Doit offrir aux yeux, quoi ? l’image d’un carré,
Et carrée elle-même. Il est donc avéré
Que de la vision les images sont causes,
Et qu’on ne peut rien voir sans images des choses.

Ces simulacres donc, lancés de toutes parts,
S’échappent en tout sens dans l’étendue épars.
Mais comme on ne peut voir que par les yeux, l’image
Se porte où l’œil se tourne et nous frappe au visage.
La forme et la couleur, qui figurent l’objet,
En désignent aussi la place ; leur trajet
Indique la distance entre l’œil et la chose.
L’image fend les flots de l’air qui s’interpose ;
Il lui faut les pousser, les chasser en avant.
Ils roulent, effleurant notre organe ; leur vent
Rase d’un vol léger nos prunelles et passe,
Et par la pression nous mesure l’espace.
Plus longue est en effet cette colonne d’air,
260Plus l’objet paraît loin. Mais si brusque est l’éclair
De la sensation, qu’avec leur existence,
Les objets à nos yeux révèlent leur distance.

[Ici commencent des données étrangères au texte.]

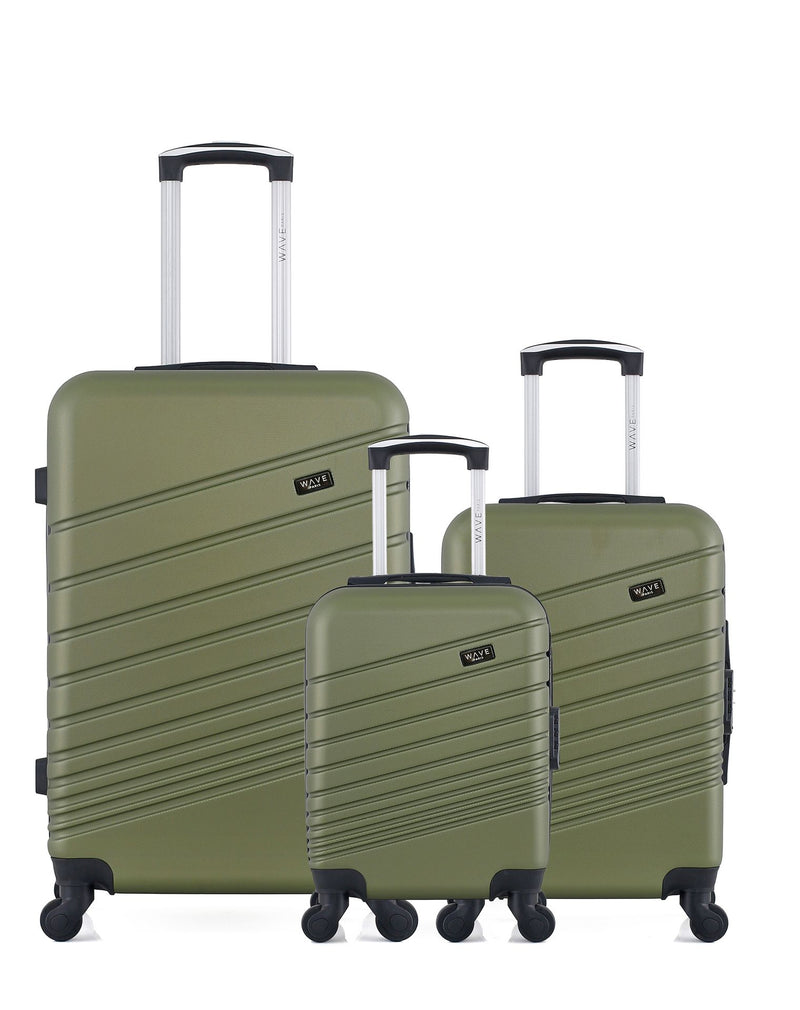 Lot de 3 Valises Rigides Grand Format, Cabine et Cabine XXS TIGRE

Nous étonnerons-nous, quand notre œil ne peut voir
Ces reflets morcelés qui viennent l’émouvoir,
Qu’entier, net et certain, l’objet même apparaisse ?
Mais lorsque le zéphire mollement nous caresse,
Quand la bise nous pique, est-ce que l’on perçoit
Chaque parcelle tiède et chaque atome froid ?
Non. L’effet se confond ; l’impression reste une.